Based on an observation posted on the Near Earth Object confirmation page from an image taken by A. D. Grauer using the mount Lemmon observatory, Faulkes telescope team members Nick Howes, Giovanni Sostero and Ernesto Guido along with University of Glamorgan student Antos Kasprzyk and amateur astronomer Iain Melville, imaged what is potentially some of the first direct evidence for a Trojan Jupiter Comet.

Comet P/2010 TO20 (LINEAR-GRAUER) was immediately recognised by the team from looking at the orbit to be a highly unusual object, but it was only when the images came through from the Faulkes observations that the true nature of the object became clear.

The observations showed a distinct cometary appearance, with a sharp central condensation, compact coma and a wide, fan-shaped tail.

This is no ordinary comet, and supports the theory and initial spectral observation work by a team using the keck telescope in Hawaii.
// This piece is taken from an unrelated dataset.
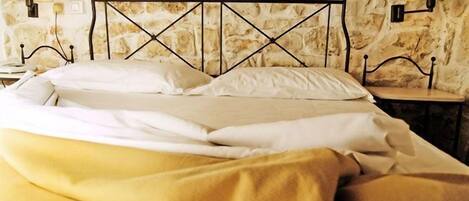 A bed with a metal headboard, white bedding, and a yellow blanket. There are two wall-mounted lamps on either side of the bed.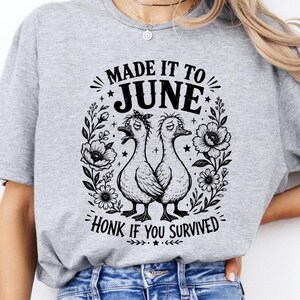 Peut inclure: Un t-shirt gris chiné avec une impression graphique noire représentant deux canards entourés d'éléments floraux. Le texte indique "MADE IT TO JUNE" en haut et "HONK IF YOU SURVIVED" en bas, avec de petites étoiles et des ornements.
Closer analysis of their object (part of a binary known as the Patroclus pair) showed that it was made of water ice and a thin layer of dust, but at the time of writing, no direct images of a Jupiter Trojan showing evidence of a coma and tail had been taken.

The Faulkes teams above image, combined with the original observations by Grauer clearly show a cometary object, thus confirming the Keck team's hypothesis.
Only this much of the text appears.